EXERCISE AIM
From the data below, set down exactly the lines between the one holding "Продам шины на 16 215/60/16" and the one holding "Hermitage, gece", inclusive, and no others.

Recorded data
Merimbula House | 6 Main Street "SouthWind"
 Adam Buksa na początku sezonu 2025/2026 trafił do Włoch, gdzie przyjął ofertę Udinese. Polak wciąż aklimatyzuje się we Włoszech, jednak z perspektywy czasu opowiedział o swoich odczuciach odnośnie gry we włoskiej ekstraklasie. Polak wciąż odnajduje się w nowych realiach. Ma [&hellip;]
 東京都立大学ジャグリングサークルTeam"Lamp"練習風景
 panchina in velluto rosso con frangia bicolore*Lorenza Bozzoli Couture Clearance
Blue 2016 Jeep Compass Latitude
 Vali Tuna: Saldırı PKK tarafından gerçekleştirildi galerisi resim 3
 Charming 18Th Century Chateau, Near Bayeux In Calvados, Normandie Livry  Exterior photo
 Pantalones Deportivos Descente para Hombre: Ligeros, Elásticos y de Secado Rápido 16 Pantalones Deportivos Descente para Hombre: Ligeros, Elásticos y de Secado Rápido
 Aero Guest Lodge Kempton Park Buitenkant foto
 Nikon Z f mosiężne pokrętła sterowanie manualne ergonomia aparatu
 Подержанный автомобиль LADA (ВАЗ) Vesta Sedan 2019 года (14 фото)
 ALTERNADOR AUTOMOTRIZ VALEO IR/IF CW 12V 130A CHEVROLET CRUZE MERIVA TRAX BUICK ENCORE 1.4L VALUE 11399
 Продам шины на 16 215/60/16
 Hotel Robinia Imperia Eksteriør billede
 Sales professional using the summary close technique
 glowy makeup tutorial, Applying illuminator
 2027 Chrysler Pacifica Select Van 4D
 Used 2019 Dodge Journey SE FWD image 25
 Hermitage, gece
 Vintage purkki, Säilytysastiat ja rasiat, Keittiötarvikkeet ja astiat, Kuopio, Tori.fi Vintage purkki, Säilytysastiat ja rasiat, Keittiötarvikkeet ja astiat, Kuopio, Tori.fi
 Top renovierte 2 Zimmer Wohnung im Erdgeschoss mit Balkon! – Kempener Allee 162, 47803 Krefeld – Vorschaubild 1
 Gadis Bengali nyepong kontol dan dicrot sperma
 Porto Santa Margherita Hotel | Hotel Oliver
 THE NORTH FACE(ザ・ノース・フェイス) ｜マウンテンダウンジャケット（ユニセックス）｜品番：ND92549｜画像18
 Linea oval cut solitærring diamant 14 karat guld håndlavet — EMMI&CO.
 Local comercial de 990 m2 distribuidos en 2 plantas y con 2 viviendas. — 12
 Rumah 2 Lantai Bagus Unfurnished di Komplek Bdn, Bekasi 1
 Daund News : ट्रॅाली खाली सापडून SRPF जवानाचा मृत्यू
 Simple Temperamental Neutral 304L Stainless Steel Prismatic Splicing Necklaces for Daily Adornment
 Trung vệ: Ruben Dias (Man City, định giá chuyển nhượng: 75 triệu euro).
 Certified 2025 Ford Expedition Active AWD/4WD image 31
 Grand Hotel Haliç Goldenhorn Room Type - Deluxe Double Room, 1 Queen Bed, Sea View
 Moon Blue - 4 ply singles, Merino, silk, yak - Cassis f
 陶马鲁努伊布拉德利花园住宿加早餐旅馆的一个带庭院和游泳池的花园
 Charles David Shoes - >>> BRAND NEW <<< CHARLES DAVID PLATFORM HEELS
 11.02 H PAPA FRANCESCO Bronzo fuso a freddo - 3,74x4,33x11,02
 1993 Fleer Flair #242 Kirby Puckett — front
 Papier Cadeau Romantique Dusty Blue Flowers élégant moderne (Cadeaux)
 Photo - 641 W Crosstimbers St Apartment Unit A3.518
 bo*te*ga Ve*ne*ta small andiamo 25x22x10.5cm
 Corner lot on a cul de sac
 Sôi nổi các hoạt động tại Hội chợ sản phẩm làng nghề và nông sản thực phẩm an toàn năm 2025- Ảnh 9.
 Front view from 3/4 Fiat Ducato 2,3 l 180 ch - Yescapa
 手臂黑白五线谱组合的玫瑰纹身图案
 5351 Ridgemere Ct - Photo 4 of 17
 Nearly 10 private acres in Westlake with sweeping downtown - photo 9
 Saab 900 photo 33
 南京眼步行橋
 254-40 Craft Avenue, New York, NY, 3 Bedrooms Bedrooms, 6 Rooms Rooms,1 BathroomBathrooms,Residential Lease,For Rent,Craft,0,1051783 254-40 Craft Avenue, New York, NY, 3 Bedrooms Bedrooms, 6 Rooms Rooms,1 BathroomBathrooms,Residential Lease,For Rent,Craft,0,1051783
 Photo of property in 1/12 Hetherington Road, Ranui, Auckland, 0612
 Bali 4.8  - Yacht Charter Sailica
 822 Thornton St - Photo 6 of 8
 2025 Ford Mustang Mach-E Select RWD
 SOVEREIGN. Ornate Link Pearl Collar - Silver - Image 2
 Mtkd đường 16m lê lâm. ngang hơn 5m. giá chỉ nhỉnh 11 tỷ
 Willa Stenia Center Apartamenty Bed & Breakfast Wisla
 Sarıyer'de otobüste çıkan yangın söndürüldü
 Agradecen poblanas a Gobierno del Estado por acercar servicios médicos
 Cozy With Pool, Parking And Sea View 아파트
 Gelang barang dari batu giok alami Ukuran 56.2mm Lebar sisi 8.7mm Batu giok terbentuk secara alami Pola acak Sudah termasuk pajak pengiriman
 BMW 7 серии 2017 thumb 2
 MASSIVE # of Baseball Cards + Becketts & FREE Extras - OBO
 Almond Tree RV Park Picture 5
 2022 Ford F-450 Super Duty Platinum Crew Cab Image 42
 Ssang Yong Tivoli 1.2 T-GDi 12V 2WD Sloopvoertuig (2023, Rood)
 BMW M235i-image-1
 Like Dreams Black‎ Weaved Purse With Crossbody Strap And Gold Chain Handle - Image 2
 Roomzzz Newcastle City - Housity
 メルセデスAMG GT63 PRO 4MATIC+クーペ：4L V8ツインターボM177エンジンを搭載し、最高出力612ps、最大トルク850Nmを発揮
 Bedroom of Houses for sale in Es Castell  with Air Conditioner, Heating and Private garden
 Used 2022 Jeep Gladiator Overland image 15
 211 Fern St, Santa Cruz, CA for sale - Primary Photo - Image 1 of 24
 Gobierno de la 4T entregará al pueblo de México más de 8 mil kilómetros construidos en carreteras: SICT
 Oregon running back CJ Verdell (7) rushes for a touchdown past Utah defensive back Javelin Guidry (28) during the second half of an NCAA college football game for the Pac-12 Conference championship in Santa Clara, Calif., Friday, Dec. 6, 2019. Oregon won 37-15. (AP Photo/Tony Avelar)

THE ANSWER
 Продам шины на 16 215/60/16
 Hotel Robinia Imperia Eksteriør billede
 Sales professional using the summary close technique
 glowy makeup tutorial, Applying illuminator
 2027 Chrysler Pacifica Select Van 4D
 Used 2019 Dodge Journey SE FWD image 25
 Hermitage, gece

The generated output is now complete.